Everyone already thinks that I'm weird and my roommates are convinced that I hate them. I am supposed to live with them next semester as well, but I am definitely requesting a room change. I overheard them talking about how "I never talk" and I "never go out" and how rude/weird I am and how they think that I hate them. They didn't know I was in my room and they were with one of their other friends and were laughing about me and telling their friend how gross it is that I always wear the same clothes (I don't- I just will wear the same shirt of pants twice a week sometimes). They have invited me to go out with them, and I always decline, but I wish they could understand that it's not because of them- it's because of my own personal issues. They just automatically assume I'm a weird ***** and that I hate them. I literally don't have a single actual "friend" in college. I actually miss high school. I have become SO anti-social now. I can go weeks without talking to a single person and literally do EVERYTHING by myself. When people talk to me or say "hi" to me when I'm walking to class (or during class) I just flat-out ignore them, which leads to everyone thinking that I'm a huge *****. I'm really not, but I just can't bring myself to say anything back- even if I know the person and don't feel alot of anxiety. It's weird. I sometimes feel sad and lonely, but whenever I have the opportunity to be social, I just decline. The majority of people in my life think I am a weird, stuck up, rude person, but really I just like to keep to myself and spend time alone and I get so anxious in large social environments. I hate being negatively judged all the time and just wish I could be normal


----------



## versikk

It could be of benefit to actually explain to them that your a socially anxious and don't deserve ridicule becase your your iusses


----------



## Kevin001

College was hell. I felt judged left and right. I was like if they only knew how I felt. I luckily had my own room and never really associated with my roommates across the way. I had different roommates every year. It didn't matter since I just stayed in my single bedroom all the time. You could tell them about your issues but then you take the risk of them talking about you more or pitying you.


----------



## meandernorth

It might not hurt to nonchalantly bring up the subject the next time everyone is home. I wouldn't tell them you "don't deserve ridicule" as commented above because it might backfire. However, letting them know a little about you might give them some helpful insight. People will often speculate about people (or anything, tbh) when they don't have enough info.


----------



## Cool Ice Dude55




----------



## JustALonelyHeart

Cause kids are just like that.They judge and think everyone else is inferior to them.If you were socializing more, then they'd find something else to judge you for.They don't grow up till they graduate college and real life will hit them in the face.That's when they will start growing up.Request to change your room and if there is a possibility to live alone in the room, that would be best for you.It's harsh when people treat you like that but there's not much you can do about it.


----------



## gisellemarx

This is why I do college online....

My best friend went through the same thing.  She overheard them talking about how weird she was, because in addition to SA she's got OCD and has to dress a certain way and has "weird" habits, and she only lasted 2 months in there before she dropped out from the stress.

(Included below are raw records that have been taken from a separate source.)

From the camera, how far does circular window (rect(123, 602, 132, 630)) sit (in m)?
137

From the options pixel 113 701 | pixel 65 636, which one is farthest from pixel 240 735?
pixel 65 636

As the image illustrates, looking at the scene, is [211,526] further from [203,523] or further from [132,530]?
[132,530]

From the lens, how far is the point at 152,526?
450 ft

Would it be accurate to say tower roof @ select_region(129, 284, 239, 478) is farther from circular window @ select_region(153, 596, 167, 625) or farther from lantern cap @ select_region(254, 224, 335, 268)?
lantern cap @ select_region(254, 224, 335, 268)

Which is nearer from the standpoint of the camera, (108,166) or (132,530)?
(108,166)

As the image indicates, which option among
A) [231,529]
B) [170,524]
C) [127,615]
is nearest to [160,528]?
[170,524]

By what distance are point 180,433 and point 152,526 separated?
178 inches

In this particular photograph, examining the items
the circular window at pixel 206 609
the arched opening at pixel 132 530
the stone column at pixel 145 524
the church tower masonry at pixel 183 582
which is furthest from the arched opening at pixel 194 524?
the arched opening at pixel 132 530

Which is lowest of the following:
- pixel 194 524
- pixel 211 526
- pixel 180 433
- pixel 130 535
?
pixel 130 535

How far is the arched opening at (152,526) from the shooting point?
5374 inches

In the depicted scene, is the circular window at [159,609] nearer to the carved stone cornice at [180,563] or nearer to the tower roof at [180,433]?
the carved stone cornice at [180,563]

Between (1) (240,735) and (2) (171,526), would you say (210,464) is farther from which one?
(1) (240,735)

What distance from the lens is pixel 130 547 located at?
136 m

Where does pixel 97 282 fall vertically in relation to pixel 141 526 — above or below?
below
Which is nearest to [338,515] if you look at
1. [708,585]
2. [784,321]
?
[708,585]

I'm so sorry. They sound mean. You should call them out on their bullsh**. Tell them you heard them talking about you. Explain you're socially anxious. Maybe they will stop.

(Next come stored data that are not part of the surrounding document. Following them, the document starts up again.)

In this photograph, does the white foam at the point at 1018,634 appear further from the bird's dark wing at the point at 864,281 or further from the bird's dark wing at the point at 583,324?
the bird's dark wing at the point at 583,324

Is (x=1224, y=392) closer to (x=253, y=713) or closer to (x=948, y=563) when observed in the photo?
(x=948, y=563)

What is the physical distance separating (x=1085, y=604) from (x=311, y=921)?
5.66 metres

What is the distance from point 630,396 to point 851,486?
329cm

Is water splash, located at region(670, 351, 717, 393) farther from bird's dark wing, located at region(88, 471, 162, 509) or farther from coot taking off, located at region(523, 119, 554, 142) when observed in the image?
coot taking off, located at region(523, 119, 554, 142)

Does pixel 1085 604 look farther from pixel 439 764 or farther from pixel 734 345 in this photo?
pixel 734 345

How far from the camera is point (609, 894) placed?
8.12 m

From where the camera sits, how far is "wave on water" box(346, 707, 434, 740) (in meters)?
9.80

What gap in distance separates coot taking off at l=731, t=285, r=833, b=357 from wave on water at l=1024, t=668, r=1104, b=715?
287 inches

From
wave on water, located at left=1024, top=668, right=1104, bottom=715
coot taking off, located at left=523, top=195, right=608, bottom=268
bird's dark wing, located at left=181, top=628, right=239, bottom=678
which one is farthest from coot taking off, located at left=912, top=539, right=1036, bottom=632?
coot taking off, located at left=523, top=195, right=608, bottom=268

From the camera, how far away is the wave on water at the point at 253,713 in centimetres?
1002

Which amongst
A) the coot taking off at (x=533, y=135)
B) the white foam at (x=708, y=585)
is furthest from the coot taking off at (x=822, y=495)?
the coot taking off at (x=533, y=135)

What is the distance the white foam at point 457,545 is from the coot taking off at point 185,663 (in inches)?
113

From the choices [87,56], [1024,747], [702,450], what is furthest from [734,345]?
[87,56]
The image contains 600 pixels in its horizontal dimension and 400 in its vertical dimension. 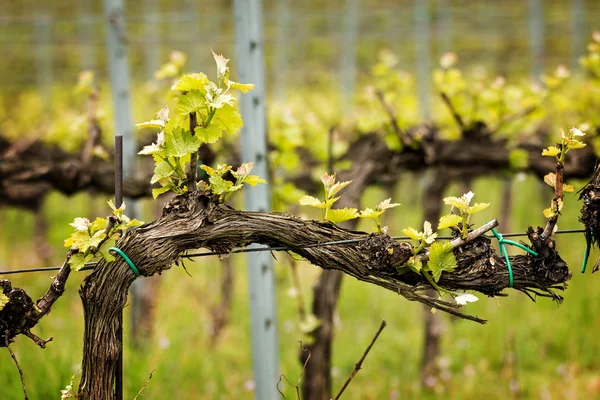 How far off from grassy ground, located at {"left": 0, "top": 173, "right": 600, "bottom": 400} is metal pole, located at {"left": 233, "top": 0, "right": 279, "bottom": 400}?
639 mm

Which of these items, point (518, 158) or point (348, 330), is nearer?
point (518, 158)

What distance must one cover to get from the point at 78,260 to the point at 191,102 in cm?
42

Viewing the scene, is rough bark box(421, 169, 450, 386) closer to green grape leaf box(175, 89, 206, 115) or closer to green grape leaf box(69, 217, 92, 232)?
green grape leaf box(175, 89, 206, 115)

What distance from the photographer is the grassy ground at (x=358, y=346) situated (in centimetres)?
321

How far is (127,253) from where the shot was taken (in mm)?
1356

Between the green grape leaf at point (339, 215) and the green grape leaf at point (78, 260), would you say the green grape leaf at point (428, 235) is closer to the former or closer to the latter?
the green grape leaf at point (339, 215)

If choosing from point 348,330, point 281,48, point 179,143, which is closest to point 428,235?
point 179,143

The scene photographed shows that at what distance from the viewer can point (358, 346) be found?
13.6 ft

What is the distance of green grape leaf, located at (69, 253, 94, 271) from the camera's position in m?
1.32

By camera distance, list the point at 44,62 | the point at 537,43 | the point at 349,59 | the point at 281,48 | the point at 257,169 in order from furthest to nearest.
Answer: the point at 44,62
the point at 281,48
the point at 349,59
the point at 537,43
the point at 257,169

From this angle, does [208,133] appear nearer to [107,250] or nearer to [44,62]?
[107,250]

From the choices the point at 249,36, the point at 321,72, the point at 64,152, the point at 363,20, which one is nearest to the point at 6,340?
the point at 249,36

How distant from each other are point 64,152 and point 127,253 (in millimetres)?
2942

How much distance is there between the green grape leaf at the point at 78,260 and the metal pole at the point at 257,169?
0.95 m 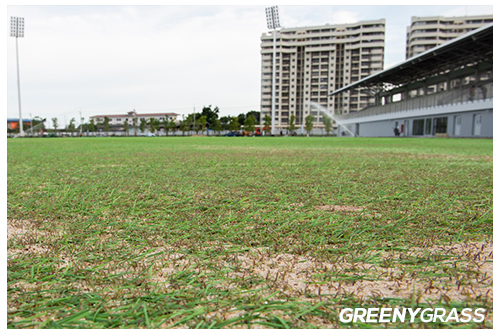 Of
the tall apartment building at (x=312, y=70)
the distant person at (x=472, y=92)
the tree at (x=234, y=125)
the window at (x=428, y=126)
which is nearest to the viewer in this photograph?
the distant person at (x=472, y=92)

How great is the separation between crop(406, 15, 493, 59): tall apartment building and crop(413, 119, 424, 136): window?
57992 millimetres

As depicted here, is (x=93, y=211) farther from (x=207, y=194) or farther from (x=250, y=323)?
(x=250, y=323)

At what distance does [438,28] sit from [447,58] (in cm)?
6530

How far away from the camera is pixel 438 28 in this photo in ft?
281

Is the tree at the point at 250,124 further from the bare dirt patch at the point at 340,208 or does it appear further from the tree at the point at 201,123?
the bare dirt patch at the point at 340,208

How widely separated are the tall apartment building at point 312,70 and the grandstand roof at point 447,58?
4893 centimetres

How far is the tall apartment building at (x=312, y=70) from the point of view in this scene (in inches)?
3656

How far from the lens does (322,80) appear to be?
312 feet

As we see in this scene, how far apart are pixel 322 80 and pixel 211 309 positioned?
326ft

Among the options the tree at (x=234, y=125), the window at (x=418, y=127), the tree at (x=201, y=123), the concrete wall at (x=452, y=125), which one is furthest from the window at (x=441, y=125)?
the tree at (x=201, y=123)

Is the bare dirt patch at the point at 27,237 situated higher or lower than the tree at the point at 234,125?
lower

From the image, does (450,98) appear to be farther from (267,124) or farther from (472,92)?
(267,124)

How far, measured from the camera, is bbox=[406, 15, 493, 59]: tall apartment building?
85.8 meters

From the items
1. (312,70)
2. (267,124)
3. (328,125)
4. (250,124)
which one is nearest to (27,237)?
(250,124) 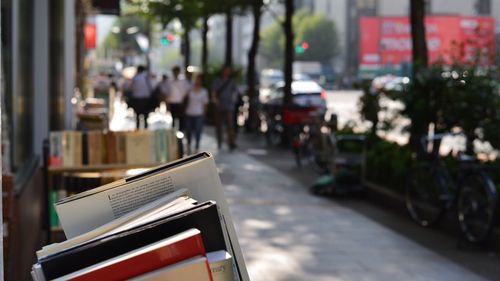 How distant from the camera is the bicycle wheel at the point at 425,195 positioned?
11.3 m

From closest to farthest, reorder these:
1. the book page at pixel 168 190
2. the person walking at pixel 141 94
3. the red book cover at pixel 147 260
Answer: the red book cover at pixel 147 260, the book page at pixel 168 190, the person walking at pixel 141 94

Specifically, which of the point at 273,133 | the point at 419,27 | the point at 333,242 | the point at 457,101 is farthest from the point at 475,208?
the point at 273,133

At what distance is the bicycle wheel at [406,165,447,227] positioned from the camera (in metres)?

Generally, in these situations, I tend to try to subtly get back at people who mock me by using my "weirdness" to get ahead of them and intimidate the hell out of them. Make myself look like a threat to their fragile egos. I can twist things around to look like that, if I need to.

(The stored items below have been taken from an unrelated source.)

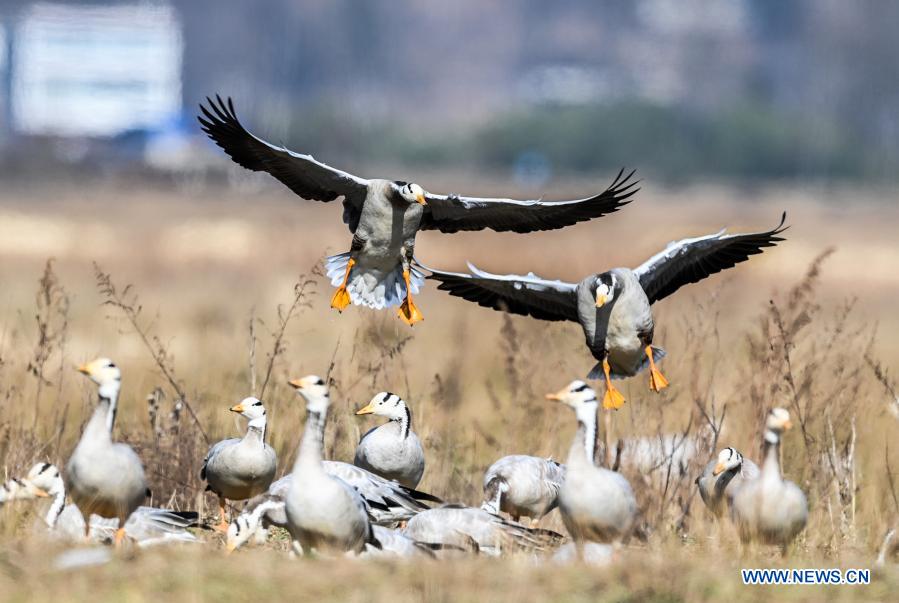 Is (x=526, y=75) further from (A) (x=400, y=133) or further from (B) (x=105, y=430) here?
(B) (x=105, y=430)

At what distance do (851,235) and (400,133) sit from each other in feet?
191

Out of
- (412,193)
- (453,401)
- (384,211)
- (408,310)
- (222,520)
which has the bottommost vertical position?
(222,520)

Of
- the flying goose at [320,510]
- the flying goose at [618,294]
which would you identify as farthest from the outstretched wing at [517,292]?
the flying goose at [320,510]

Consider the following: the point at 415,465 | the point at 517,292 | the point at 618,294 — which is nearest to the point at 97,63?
the point at 517,292

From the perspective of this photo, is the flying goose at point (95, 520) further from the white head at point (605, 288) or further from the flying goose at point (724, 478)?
the white head at point (605, 288)

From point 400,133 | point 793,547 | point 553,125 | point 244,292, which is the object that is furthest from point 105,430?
point 400,133

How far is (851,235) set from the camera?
37156 millimetres

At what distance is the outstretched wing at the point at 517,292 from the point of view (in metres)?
10.6

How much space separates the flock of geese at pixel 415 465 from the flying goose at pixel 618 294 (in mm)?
14

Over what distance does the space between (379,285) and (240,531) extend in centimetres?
417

I'm not sure if your SA will prevent you from doing anything like that, but if I were you, I'd either put my foot down, or request moving in with different roommates.


----------



## Chelsalina

I can see myself in the same exact situation as you once I go to college: always declining to go out with roommates, not going out, not talking to them, etc. People always assume I'm rude for not talking and they think I hate them but I don't... I just don't know what to say and I'm socially anxious af. Those girls are major ****** to talk about you like that and I'm pretty sure they were just jealous of you because you are super gorgeous (really though, you're so pretty . If I were you I'd just write a letter or tell them that I suffer from social anxiety before moving out to a new room. They'll probably feel like **** afterwards but at least they'll know that you don't have any harsh feelings against them and things might end in good terms.


----------



## Malek

Is there any one of them that might have been mature and defended you a little? Maybe confide to her about your "shyness" you don't have to say anything else if you don't trust them.


----------